**The records:**
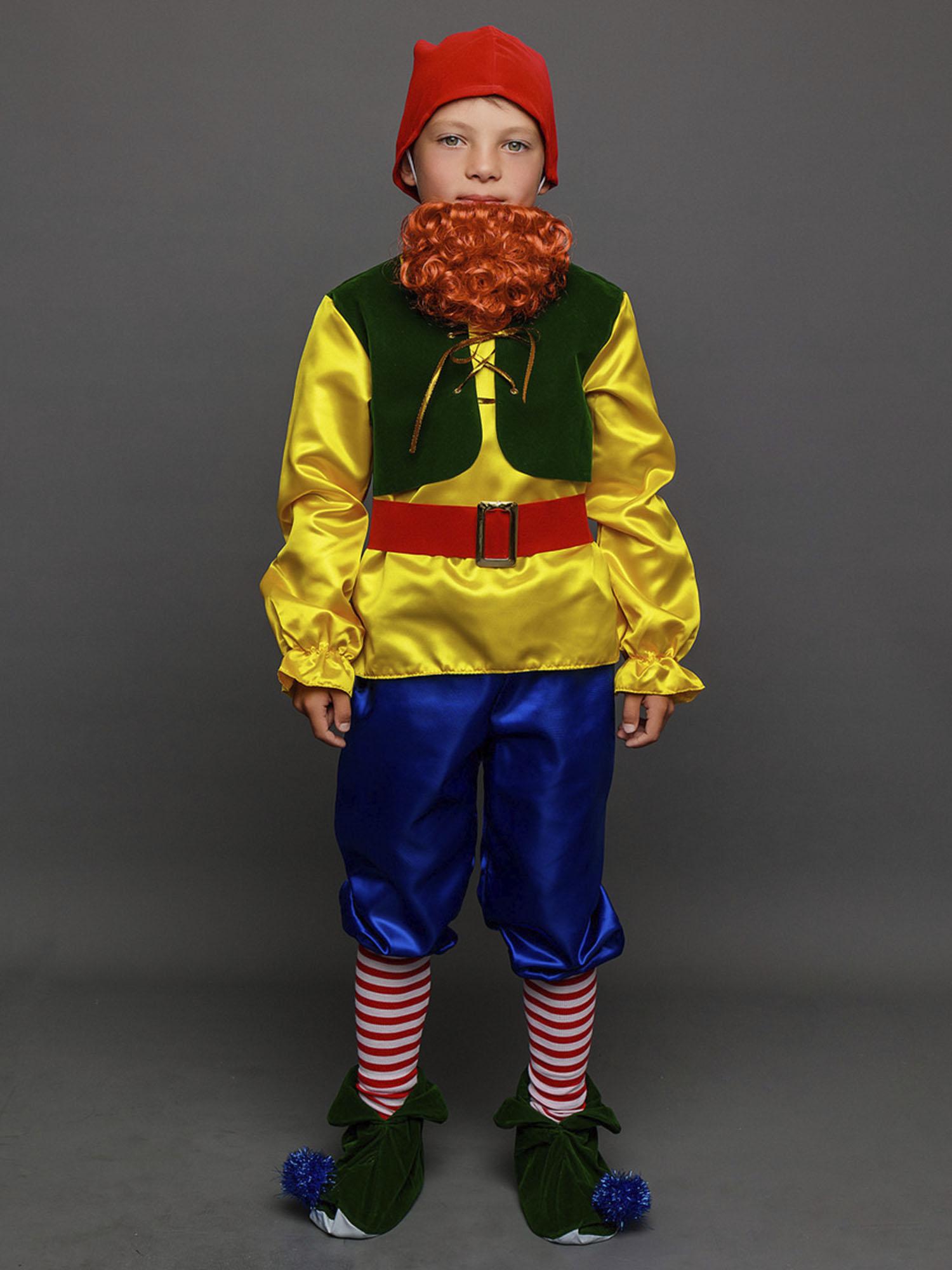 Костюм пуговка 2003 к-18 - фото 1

...

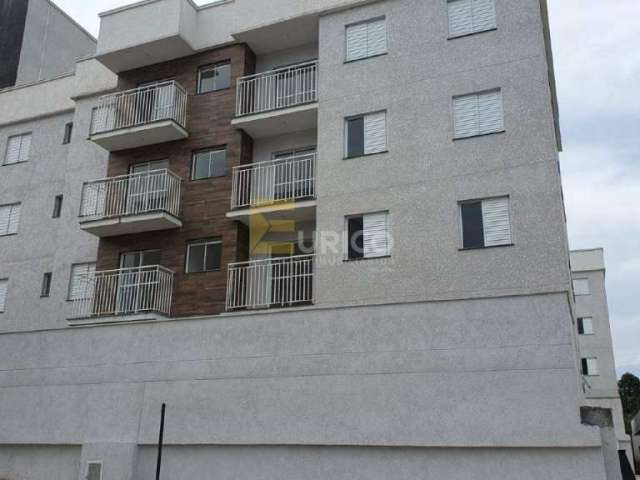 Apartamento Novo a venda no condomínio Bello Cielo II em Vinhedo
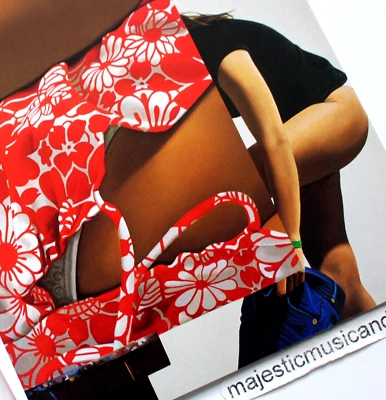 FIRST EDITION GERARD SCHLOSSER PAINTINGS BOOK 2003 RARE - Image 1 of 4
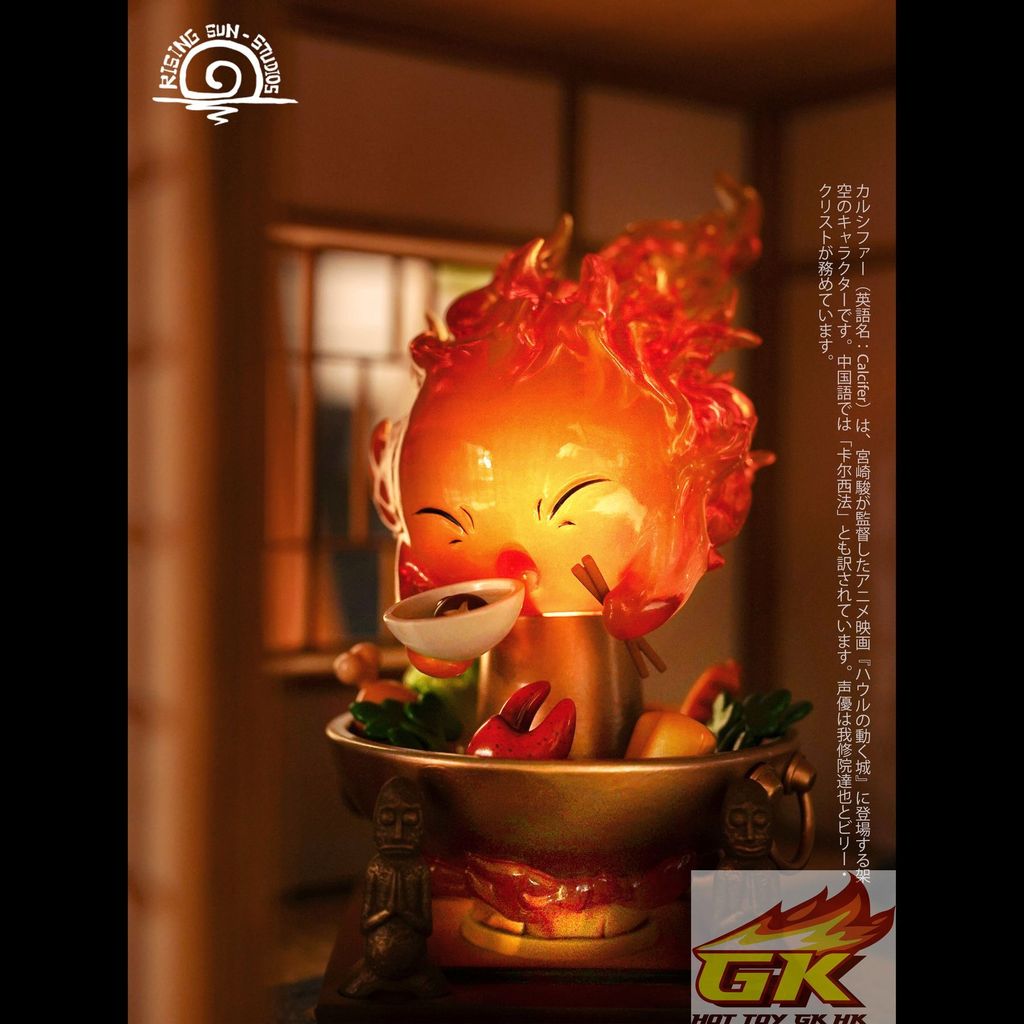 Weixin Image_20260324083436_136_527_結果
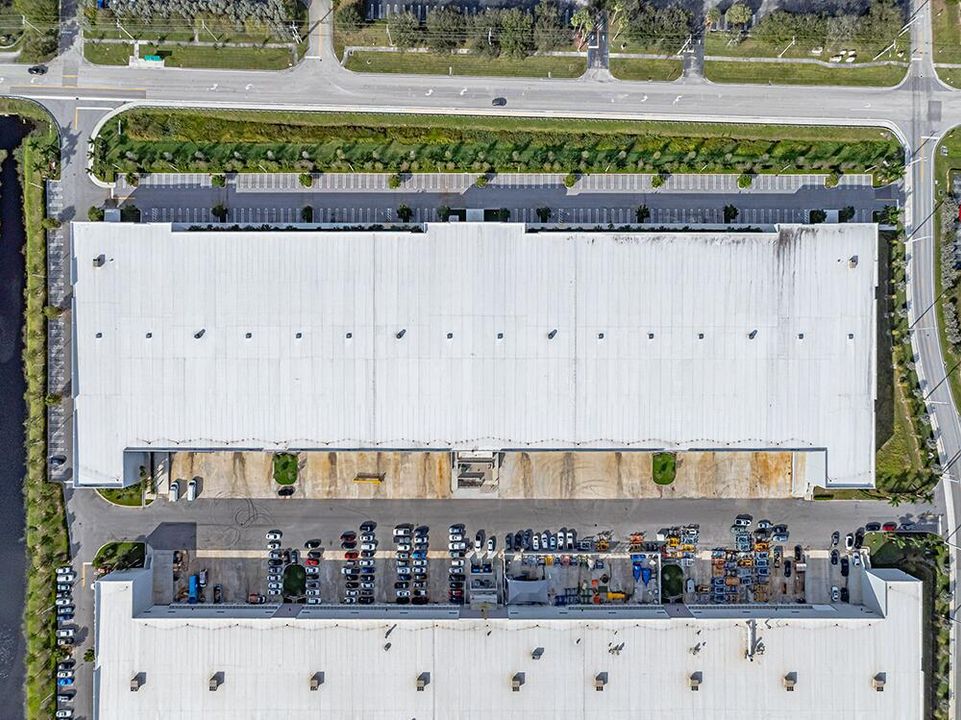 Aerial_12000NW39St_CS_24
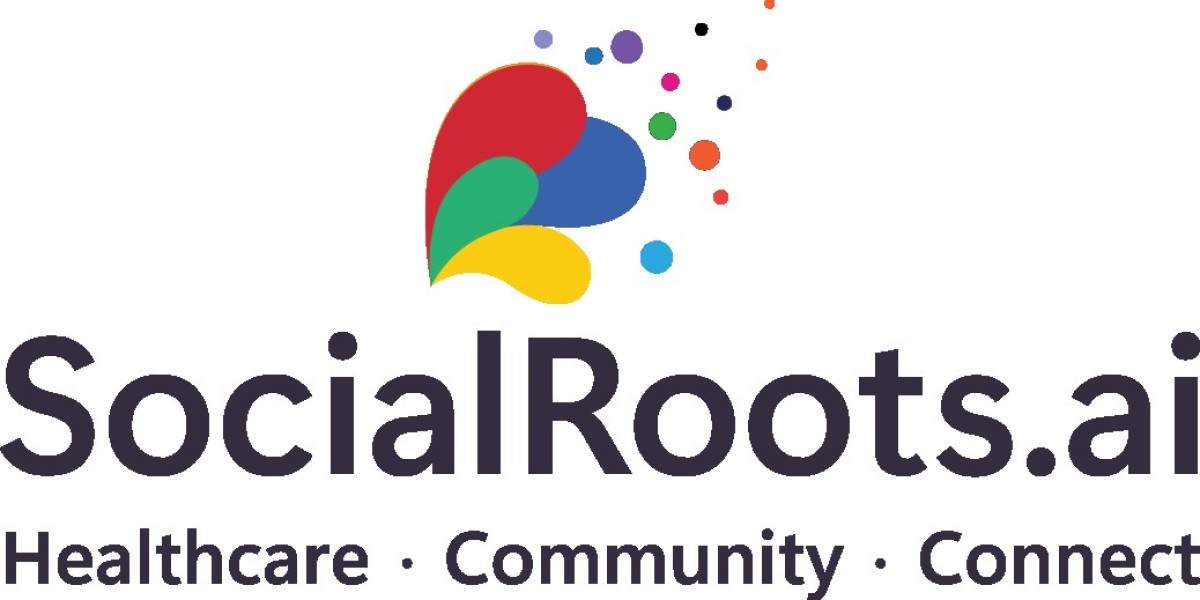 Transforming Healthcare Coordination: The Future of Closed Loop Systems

**About this task:**
Only one stretch of the material above is wanted: the line containing "Apartamento Novo a" through the line containing "Transforming Healthcare Coordination: The". Restate it word for word, minus the pictures.

**Solution for this exercise:**
 Apartamento Novo a venda no condomínio Bello Cielo II em Vinhedo
 FIRST EDITION GERARD SCHLOSSER PAINTINGS BOOK 2003 RARE - Image 1 of 4
 Weixin Image_20260324083436_136_527_結果
 Aerial_12000NW39St_CS_24
 Transforming Healthcare Coordination: The Future of Closed Loop Systems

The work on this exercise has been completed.